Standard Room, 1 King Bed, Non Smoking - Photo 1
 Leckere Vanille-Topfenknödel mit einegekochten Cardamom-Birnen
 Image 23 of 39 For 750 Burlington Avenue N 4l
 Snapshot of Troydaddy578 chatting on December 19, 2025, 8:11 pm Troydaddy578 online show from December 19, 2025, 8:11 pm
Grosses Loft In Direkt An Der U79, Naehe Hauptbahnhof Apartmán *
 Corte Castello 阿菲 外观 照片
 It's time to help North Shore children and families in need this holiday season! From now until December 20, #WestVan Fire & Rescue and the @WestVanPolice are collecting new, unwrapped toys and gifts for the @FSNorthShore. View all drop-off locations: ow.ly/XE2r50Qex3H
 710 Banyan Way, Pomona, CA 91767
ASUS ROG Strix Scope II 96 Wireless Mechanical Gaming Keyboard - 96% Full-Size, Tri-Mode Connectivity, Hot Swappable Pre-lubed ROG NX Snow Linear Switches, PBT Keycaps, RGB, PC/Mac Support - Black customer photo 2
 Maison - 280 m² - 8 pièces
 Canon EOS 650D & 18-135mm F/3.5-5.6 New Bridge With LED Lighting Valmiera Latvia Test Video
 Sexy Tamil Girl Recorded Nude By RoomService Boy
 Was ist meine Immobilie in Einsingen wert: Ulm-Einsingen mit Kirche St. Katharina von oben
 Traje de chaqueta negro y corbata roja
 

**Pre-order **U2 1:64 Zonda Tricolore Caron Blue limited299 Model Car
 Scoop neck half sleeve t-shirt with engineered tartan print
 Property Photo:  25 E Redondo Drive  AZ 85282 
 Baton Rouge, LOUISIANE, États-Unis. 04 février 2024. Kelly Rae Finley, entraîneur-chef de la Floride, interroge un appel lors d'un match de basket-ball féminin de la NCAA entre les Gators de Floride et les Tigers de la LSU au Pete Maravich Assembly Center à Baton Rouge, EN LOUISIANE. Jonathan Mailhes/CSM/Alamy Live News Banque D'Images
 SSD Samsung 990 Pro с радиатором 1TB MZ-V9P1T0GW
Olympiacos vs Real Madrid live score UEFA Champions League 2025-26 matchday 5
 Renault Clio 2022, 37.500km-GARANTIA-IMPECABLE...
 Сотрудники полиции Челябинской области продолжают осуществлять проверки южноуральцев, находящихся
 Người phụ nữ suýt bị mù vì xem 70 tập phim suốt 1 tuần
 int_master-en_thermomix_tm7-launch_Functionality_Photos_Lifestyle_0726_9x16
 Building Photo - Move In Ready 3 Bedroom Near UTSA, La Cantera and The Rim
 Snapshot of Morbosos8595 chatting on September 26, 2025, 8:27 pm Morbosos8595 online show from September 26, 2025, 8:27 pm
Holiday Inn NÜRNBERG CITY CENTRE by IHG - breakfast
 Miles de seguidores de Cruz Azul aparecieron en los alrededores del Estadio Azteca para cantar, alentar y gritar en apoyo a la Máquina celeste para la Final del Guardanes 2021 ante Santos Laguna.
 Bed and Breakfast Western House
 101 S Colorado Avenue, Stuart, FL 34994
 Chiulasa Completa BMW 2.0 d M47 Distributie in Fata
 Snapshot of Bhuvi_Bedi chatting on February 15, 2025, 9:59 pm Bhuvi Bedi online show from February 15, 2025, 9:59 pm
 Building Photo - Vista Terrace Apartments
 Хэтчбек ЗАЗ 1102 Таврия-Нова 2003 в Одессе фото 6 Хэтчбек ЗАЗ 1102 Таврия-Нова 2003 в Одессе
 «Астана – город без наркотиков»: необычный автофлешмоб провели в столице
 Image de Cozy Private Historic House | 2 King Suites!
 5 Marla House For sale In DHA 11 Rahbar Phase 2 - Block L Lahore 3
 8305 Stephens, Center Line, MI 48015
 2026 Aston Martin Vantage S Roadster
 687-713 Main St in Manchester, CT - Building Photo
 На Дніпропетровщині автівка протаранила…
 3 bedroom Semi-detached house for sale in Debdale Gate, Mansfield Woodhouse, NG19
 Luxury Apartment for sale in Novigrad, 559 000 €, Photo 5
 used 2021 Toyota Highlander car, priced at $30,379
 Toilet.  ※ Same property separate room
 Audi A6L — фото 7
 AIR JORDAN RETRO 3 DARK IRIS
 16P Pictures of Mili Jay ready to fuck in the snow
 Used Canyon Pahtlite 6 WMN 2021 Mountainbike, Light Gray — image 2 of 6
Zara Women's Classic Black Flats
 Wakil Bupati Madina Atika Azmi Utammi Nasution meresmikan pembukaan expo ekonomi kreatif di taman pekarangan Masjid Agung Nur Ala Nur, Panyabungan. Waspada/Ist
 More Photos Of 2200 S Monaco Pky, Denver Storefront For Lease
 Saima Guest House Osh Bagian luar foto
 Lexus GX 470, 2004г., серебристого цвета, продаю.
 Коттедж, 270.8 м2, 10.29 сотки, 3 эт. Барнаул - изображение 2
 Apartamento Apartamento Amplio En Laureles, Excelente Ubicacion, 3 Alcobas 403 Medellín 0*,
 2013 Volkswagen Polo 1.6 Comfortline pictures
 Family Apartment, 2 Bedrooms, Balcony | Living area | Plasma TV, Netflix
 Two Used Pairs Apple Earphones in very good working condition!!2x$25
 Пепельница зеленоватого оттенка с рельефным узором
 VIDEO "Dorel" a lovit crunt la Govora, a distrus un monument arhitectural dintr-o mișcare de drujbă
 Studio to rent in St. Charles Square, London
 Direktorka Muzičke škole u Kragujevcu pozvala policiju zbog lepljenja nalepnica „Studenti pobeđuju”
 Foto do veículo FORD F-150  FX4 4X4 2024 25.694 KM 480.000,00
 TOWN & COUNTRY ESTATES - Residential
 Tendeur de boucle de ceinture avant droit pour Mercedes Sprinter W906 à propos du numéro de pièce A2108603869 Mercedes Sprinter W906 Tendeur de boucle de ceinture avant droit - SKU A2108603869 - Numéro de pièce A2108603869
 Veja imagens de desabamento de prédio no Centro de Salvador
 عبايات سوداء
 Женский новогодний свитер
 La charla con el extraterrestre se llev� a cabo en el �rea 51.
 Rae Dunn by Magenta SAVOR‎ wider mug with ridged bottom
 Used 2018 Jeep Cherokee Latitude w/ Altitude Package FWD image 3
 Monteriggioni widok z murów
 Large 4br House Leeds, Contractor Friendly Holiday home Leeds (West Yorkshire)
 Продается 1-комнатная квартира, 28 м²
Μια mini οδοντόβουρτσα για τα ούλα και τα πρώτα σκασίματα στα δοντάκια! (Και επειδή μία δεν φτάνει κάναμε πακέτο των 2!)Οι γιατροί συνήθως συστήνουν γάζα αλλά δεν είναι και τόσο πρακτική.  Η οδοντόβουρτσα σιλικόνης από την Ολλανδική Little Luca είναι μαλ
^^^^
## [ACTIVITY]
Your answer should consist only of the lines above between the line holding "Saima Guest House Osh Bagian luar foto" and the line holding "Direktorka Muzičke škole", inclusive, each transcribed exactly.

## [OUTPUT OF THE EXERCISE]
 Saima Guest House Osh Bagian luar foto
 Lexus GX 470, 2004г., серебристого цвета, продаю.
 Коттедж, 270.8 м2, 10.29 сотки, 3 эт. Барнаул - изображение 2
 Apartamento Apartamento Amplio En Laureles, Excelente Ubicacion, 3 Alcobas 403 Medellín 0*,
 2013 Volkswagen Polo 1.6 Comfortline pictures
 Family Apartment, 2 Bedrooms, Balcony | Living area | Plasma TV, Netflix
 Two Used Pairs Apple Earphones in very good working condition!!2x$25
 Пепельница зеленоватого оттенка с рельефным узором
 VIDEO "Dorel" a lovit crunt la Govora, a distrus un monument arhitectural dintr-o mișcare de drujbă
 Studio to rent in St. Charles Square, London
 Direktorka Muzičke škole u Kragujevcu pozvala policiju zbog lepljenja nalepnica „Studenti pobeđuju”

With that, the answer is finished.